— WORK REQUIRED —
Beginning with the line that has "RONPOW 15x6.00-6nhs Lawn" and ending with the line that has "Blue Patent Leather", retype the entries below exactly, except for the pictures.

— DATA RECORDS —

■ ■ ■ ■ ■

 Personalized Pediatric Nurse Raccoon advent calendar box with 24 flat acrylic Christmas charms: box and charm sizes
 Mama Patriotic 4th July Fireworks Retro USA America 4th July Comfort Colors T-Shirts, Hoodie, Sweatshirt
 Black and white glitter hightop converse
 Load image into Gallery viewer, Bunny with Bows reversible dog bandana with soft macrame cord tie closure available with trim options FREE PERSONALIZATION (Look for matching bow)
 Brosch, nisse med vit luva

■ ■ ■ ■ ■

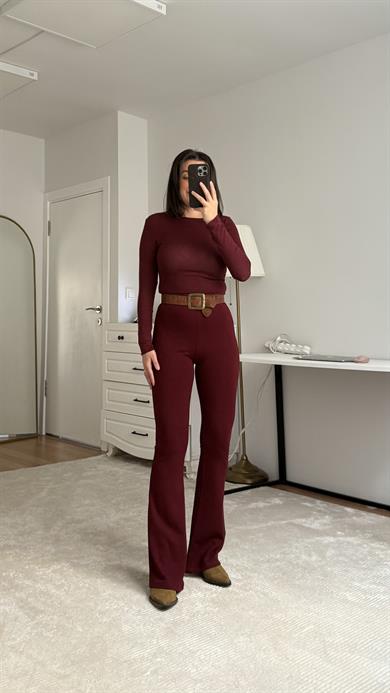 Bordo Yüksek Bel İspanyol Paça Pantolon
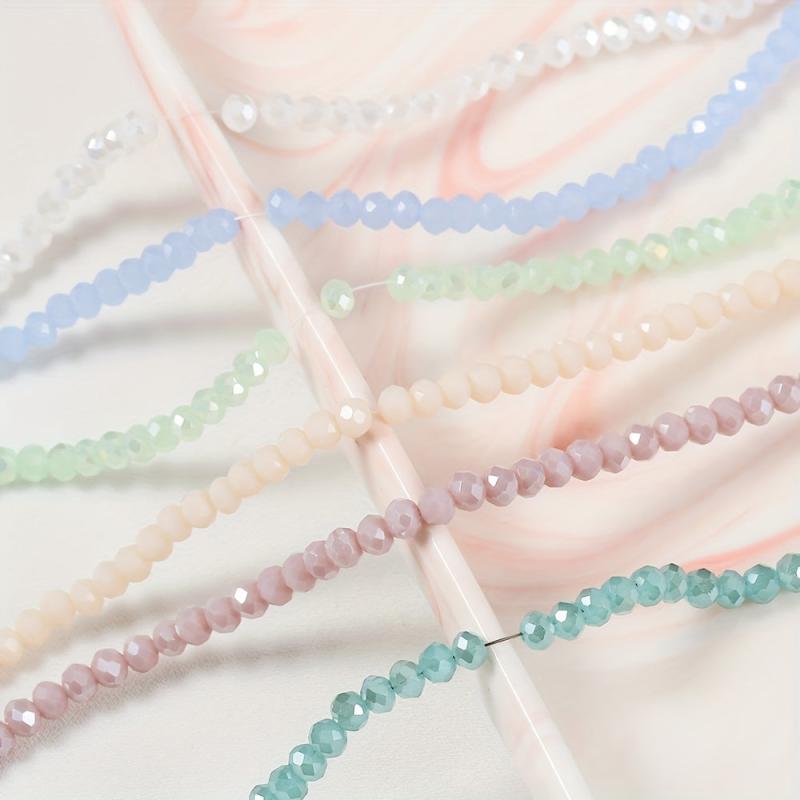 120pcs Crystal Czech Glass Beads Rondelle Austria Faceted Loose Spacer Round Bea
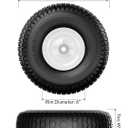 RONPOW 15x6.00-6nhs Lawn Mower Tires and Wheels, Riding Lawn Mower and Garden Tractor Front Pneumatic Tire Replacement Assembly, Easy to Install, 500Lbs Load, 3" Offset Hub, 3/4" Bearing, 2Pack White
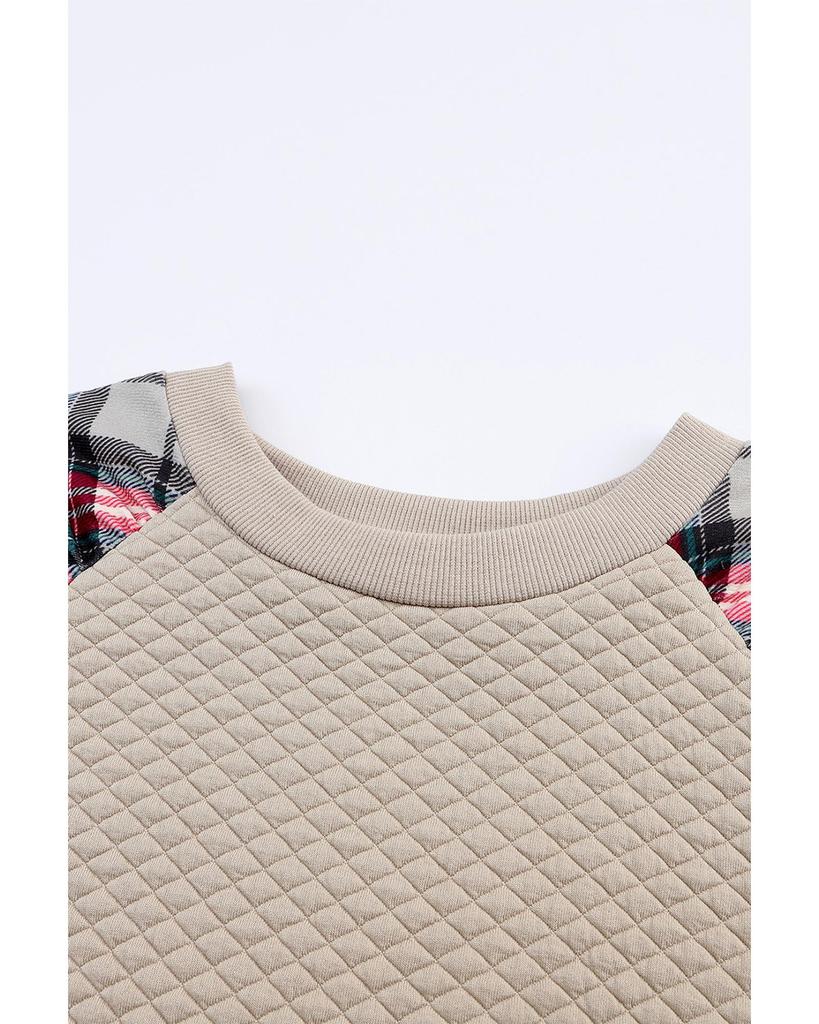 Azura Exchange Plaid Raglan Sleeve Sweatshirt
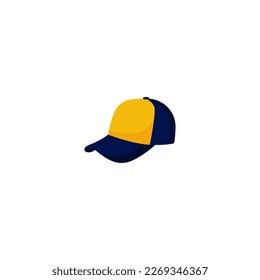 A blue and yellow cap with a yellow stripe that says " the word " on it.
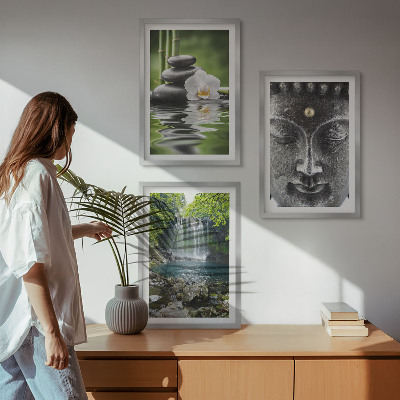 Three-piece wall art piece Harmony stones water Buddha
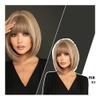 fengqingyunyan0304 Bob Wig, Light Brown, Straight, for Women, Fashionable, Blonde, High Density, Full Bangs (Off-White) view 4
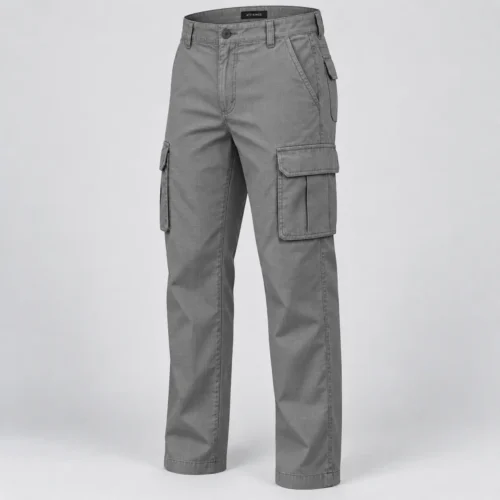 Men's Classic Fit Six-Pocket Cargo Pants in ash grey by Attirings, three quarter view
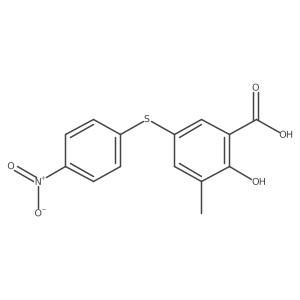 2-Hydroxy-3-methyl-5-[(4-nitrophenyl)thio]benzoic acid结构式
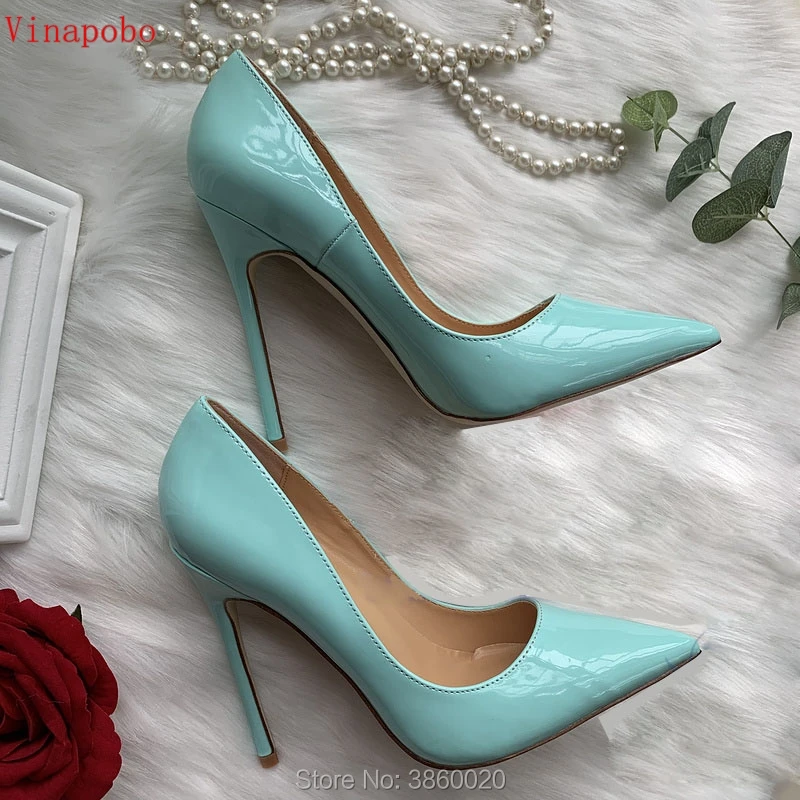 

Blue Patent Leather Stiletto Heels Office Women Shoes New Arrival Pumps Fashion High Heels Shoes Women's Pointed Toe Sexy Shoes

■ ■ ■ ■ ■

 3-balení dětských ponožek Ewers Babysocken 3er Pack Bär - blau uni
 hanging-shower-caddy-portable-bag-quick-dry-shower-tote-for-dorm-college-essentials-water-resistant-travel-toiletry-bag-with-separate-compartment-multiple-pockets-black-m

■ ■ ■ ■ ■

— WORKED SOLUTION —
 RONPOW 15x6.00-6nhs Lawn Mower Tires and Wheels, Riding Lawn Mower and Garden Tractor Front Pneumatic Tire Replacement Assembly, Easy to Install, 500Lbs Load, 3" Offset Hub, 3/4" Bearing, 2Pack White
 Azura Exchange Plaid Raglan Sleeve Sweatshirt
 A blue and yellow cap with a yellow stripe that says " the word " on it.
 Three-piece wall art piece Harmony stones water Buddha
 fengqingyunyan0304 Bob Wig, Light Brown, Straight, for Women, Fashionable, Blonde, High Density, Full Bangs (Off-White) view 4
 Men's Classic Fit Six-Pocket Cargo Pants in ash grey by Attirings, three quarter view
 2-Hydroxy-3-methyl-5-[(4-nitrophenyl)thio]benzoic acid结构式

Blue Patent Leather Stiletto Heels Office Women Shoes New Arrival Pumps Fashion High Heels Shoes Women's Pointed Toe Sexy Shoes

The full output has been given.